**What you need to do:** From the entries below, copy each line in which the word "Blue" occurs.

**Short text fragments from websites:**
= = =
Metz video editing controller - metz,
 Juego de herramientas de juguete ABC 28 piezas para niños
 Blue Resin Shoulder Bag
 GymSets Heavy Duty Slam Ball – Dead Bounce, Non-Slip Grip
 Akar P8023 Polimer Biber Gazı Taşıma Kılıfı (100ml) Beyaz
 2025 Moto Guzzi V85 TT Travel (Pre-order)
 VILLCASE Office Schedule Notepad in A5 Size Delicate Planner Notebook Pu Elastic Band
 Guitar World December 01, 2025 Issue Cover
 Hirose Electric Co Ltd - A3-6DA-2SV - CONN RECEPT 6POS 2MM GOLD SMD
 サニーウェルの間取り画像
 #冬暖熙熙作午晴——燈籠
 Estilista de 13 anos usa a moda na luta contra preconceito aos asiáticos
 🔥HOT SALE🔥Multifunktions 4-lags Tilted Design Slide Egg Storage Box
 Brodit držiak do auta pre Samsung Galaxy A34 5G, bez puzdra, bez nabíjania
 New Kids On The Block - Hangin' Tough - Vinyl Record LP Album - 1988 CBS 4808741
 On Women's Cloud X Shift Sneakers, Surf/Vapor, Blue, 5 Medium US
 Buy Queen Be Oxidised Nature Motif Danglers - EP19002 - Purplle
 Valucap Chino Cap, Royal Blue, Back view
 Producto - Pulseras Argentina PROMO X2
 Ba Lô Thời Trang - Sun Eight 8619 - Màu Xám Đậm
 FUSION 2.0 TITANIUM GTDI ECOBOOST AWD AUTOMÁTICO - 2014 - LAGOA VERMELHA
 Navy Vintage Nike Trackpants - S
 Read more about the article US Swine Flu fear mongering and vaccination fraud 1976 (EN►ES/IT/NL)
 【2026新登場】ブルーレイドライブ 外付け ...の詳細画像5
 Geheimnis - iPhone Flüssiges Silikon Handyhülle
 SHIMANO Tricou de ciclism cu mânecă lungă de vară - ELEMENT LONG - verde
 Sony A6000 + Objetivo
= = =
**Response box:**
 Blue Resin Shoulder Bag
 On Women's Cloud X Shift Sneakers, Surf/Vapor, Blue, 5 Medium US
 Valucap Chino Cap, Royal Blue, Back view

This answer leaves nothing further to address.